One sweaty morning in late June I meet him on a grimy highway overpass in nowhere, New Jersey, not far from the George Washington Bridge. We meet there because it’s an anonymous place, and Frank appreciates anonymous places. Frank, 41, with his brown heavy metal hair and sizeable frame, is sometimes mistaken for the professional wrestler Kevin Nash, who also played “The Russian” in the movie “The Punisher.” Today, he sports faded jean shorts, leather boat shoes and an oversized white wife beater with a picture of Bob Marley. “I’m a huge Bob Marley fan,” he hollers over ninety-mile per hour traffic, as we walk towards his just-washed black Cadillac. “He was always singing about freedom.”
When Frank talks – and he’s always talking - his head and arms move rapidly as if to punctuate his points. “You can’t keep me still,” he says as he points the car south on the highway, his thumbs drumming the steering wheel to the radio. “I have to be constantly going.”
By the late 90’s, Frank was making it big in the skip tracing business. He says he was raking in $40,000, $50,000 a month, employed eight people, and owned a speedboat, a zippy crotch rocket, and a 924 Porsche. He ate at expensive restaurants and drank expensive wine. “A gluttonous time,” he calls it.
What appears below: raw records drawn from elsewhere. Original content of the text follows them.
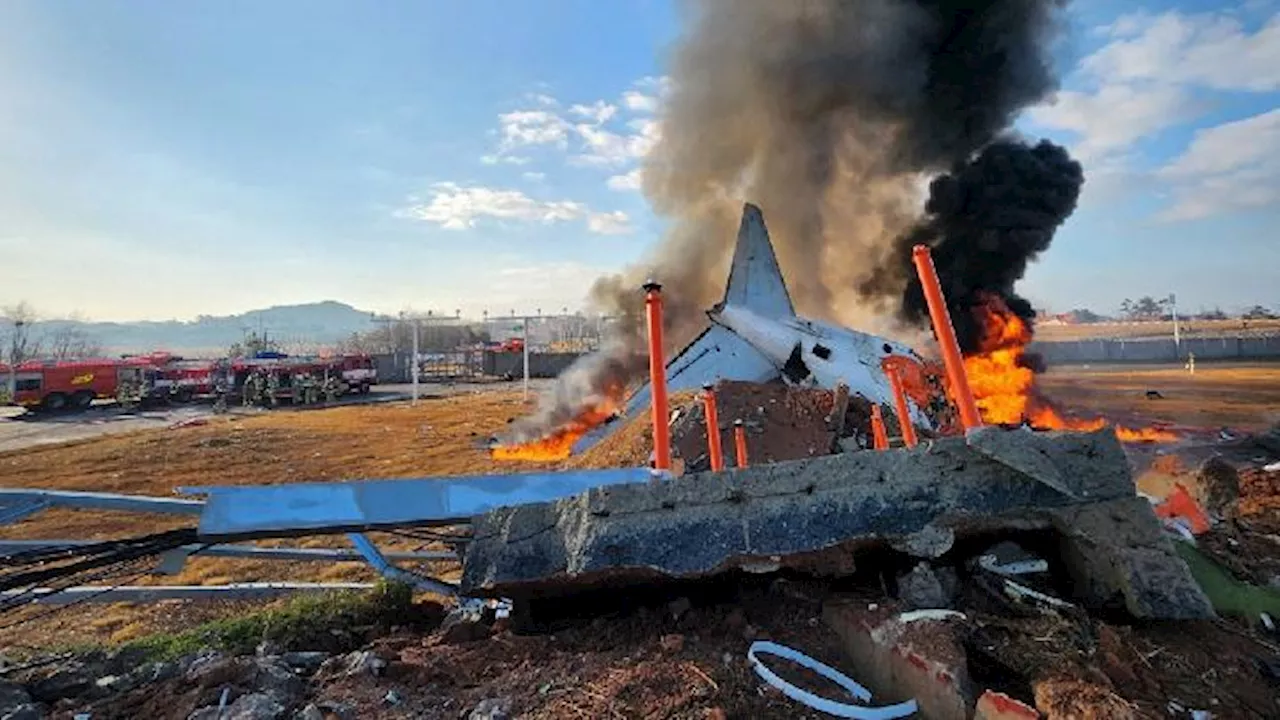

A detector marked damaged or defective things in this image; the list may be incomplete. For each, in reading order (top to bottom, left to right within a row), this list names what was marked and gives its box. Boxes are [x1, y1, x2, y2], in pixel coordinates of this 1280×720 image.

broken concrete rubble [460, 425, 1208, 617]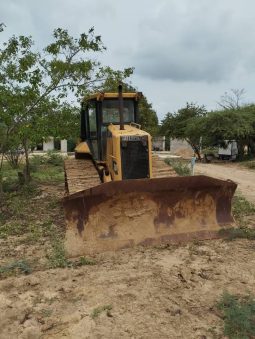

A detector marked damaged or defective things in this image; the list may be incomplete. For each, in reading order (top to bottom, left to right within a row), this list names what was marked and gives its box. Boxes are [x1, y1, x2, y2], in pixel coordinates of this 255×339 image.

rusty blade [63, 175, 237, 258]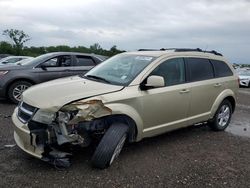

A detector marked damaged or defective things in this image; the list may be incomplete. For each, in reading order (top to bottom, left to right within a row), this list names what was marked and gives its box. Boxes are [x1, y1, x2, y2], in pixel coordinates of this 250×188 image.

broken headlight [32, 108, 55, 125]
crumpled hood [23, 76, 122, 109]
damaged suv [12, 48, 238, 169]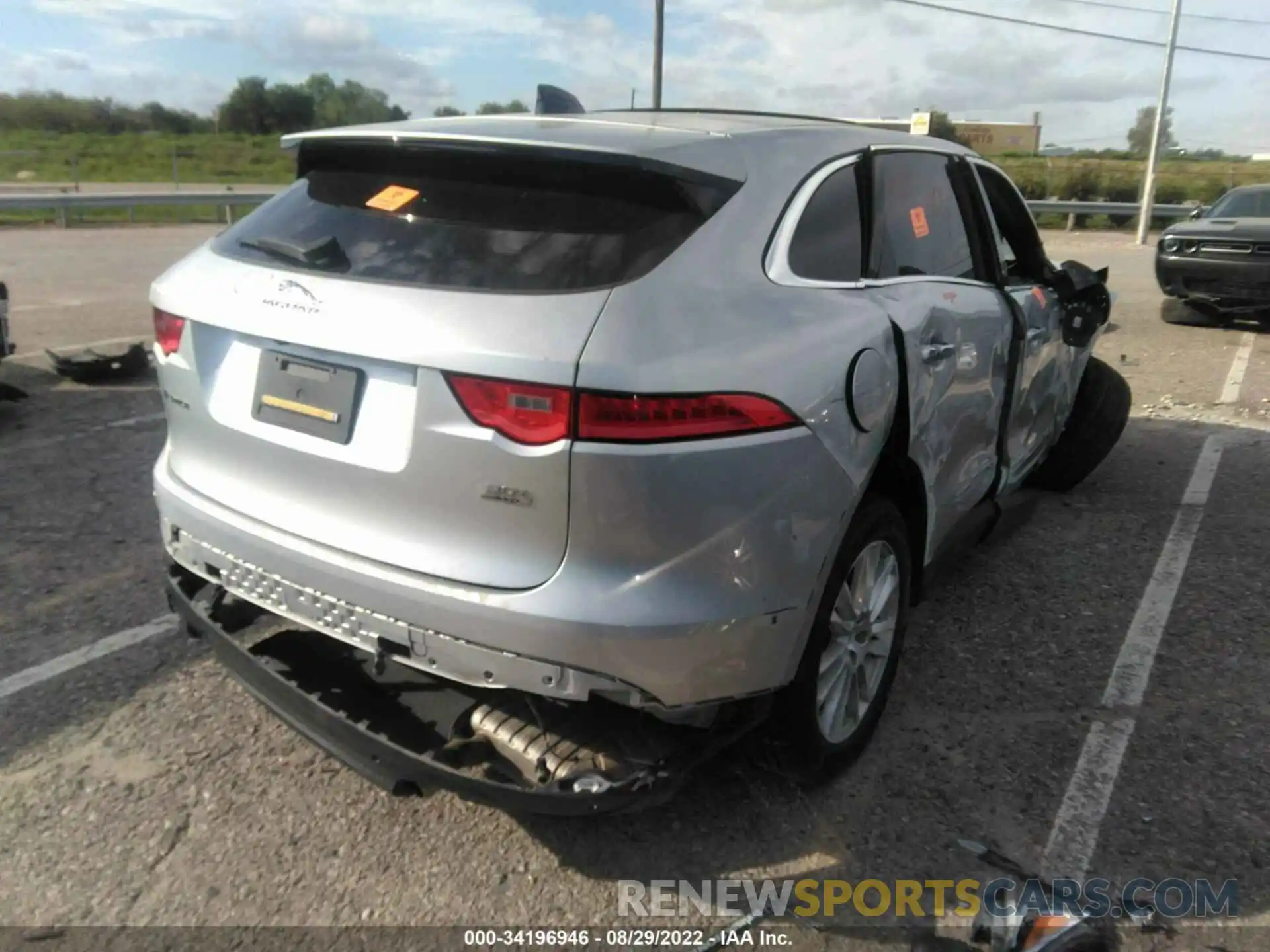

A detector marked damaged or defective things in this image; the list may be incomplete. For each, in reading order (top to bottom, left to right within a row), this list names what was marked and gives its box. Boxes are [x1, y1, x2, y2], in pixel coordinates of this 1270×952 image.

torn sheet metal [46, 345, 151, 385]
damaged silver suv [153, 108, 1127, 817]
missing rear bumper [165, 563, 767, 817]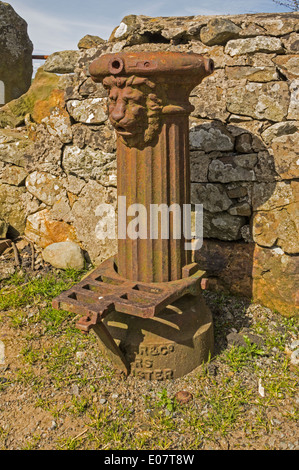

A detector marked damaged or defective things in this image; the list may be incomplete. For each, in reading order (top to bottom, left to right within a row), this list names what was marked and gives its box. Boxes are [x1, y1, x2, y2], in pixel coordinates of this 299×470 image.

rusty cast iron pump [53, 50, 216, 378]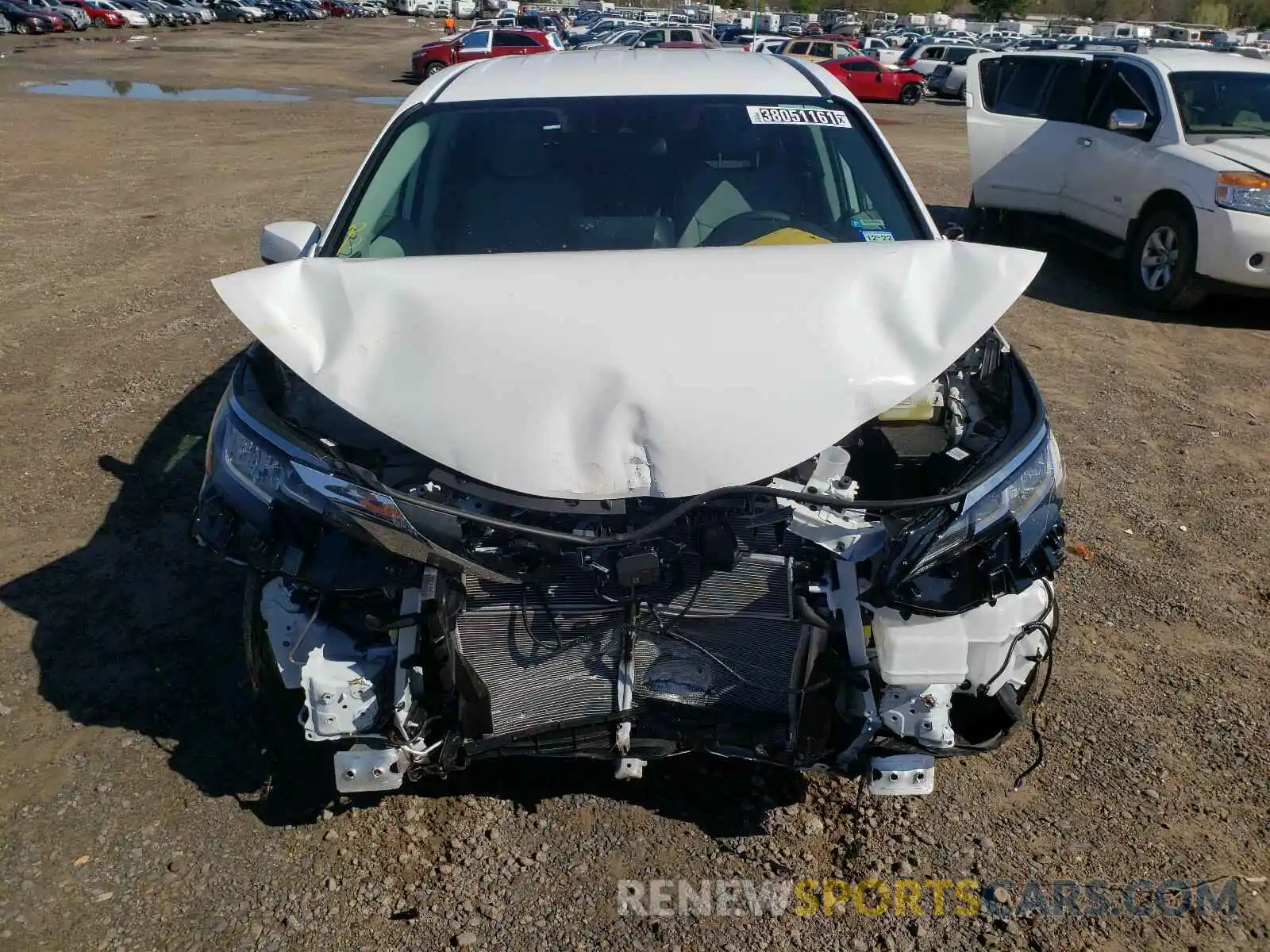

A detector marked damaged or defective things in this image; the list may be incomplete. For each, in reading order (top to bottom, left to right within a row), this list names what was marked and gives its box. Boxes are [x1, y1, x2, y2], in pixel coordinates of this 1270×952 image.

crumpled hood [1200, 136, 1270, 175]
crumpled hood [211, 241, 1041, 498]
damaged front end [191, 316, 1060, 800]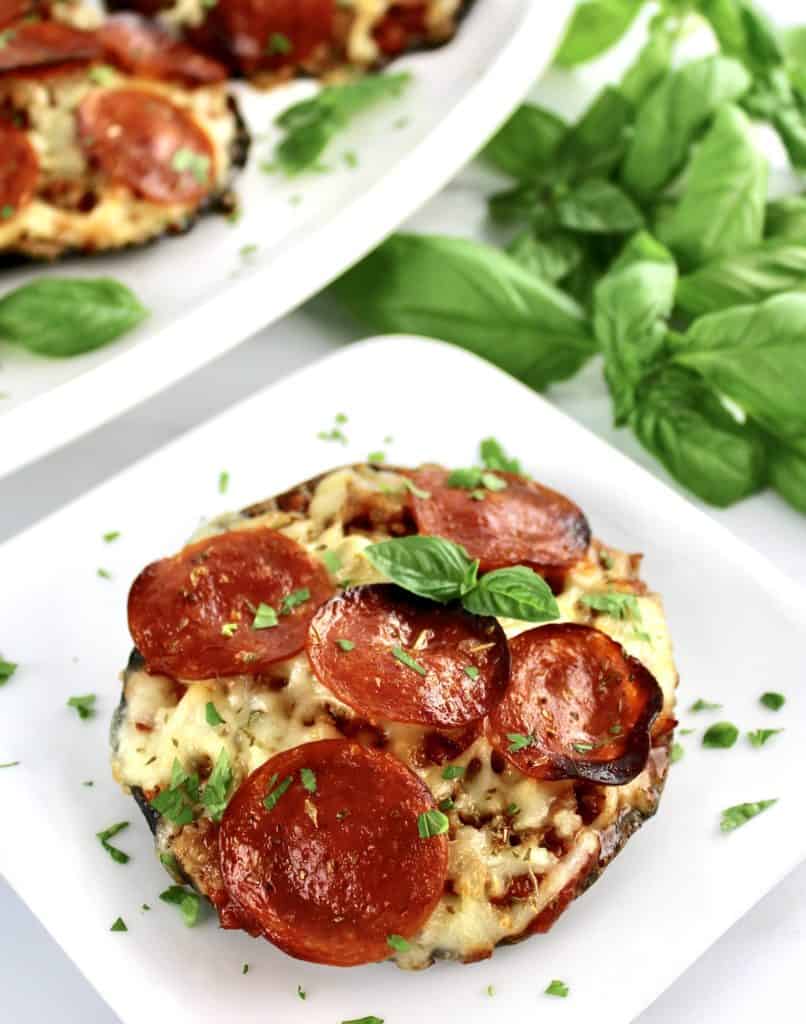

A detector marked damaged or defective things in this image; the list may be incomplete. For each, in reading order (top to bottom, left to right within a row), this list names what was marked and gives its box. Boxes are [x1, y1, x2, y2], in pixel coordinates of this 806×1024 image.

charred pepperoni spot [0, 19, 101, 74]
charred pepperoni spot [99, 15, 230, 86]
charred pepperoni spot [0, 117, 37, 216]
charred pepperoni spot [76, 90, 217, 205]
charred pepperoni spot [407, 466, 589, 577]
charred pepperoni spot [128, 528, 333, 679]
charred pepperoni spot [305, 585, 507, 729]
charred pepperoni spot [485, 622, 663, 782]
charred pepperoni spot [219, 741, 448, 962]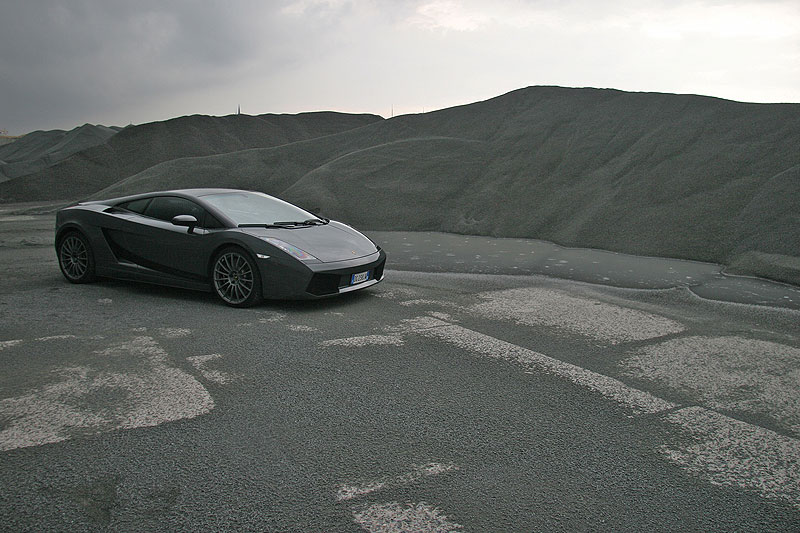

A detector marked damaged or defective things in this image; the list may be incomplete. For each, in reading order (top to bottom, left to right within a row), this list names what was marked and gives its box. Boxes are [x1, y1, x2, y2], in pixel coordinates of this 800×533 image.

cracked asphalt [1, 214, 800, 528]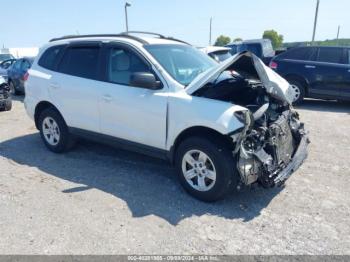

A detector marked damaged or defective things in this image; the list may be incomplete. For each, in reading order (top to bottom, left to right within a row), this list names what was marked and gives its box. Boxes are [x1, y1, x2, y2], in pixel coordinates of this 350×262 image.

damaged silver suv [25, 32, 308, 201]
crushed hood [186, 51, 296, 104]
crumpled front end [235, 107, 308, 188]
damaged front bumper [272, 133, 308, 186]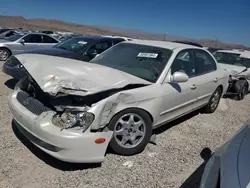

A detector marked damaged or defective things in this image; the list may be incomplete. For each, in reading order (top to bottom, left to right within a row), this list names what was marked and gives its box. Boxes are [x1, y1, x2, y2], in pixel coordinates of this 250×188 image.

crumpled hood [15, 53, 150, 96]
broken headlight [51, 111, 94, 132]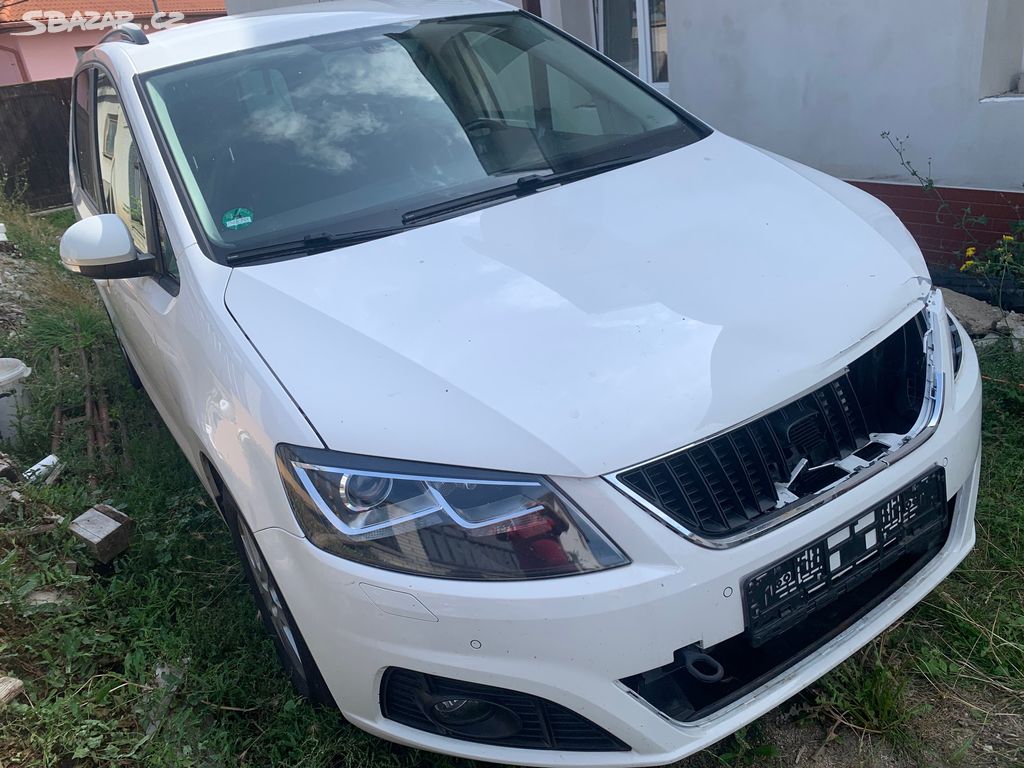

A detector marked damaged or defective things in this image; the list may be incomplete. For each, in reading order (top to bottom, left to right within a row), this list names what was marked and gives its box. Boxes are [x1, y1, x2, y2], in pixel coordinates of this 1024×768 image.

broken grille [610, 311, 933, 540]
But trouble followed. In 2000, the IRS told Frank he owed over $100,000 in back taxes, money he didn’t have. He claimed bankruptcy. He got divorced. In 2002, he shuttered the office and let his staff go. “There was a lot gained and a lot was lost,” he recalls. At that time, he started missing life in New York City, after having moved away to a distant shady suburb of New Jersey to be with his now ex-wife. He wrote some poetry about his troubles. One night he ended up at a poetry slam in Greenwich Village, where he took the microphone. Everything concerning these tumultuous times poured out in one flowing, if not unusual, poetic song (“I do a lot of weird things like that,” he says about slamming that night. “It occupies me.”).
It took him two years to get his life back on track and his business above water. Not long after, Frank met Ken.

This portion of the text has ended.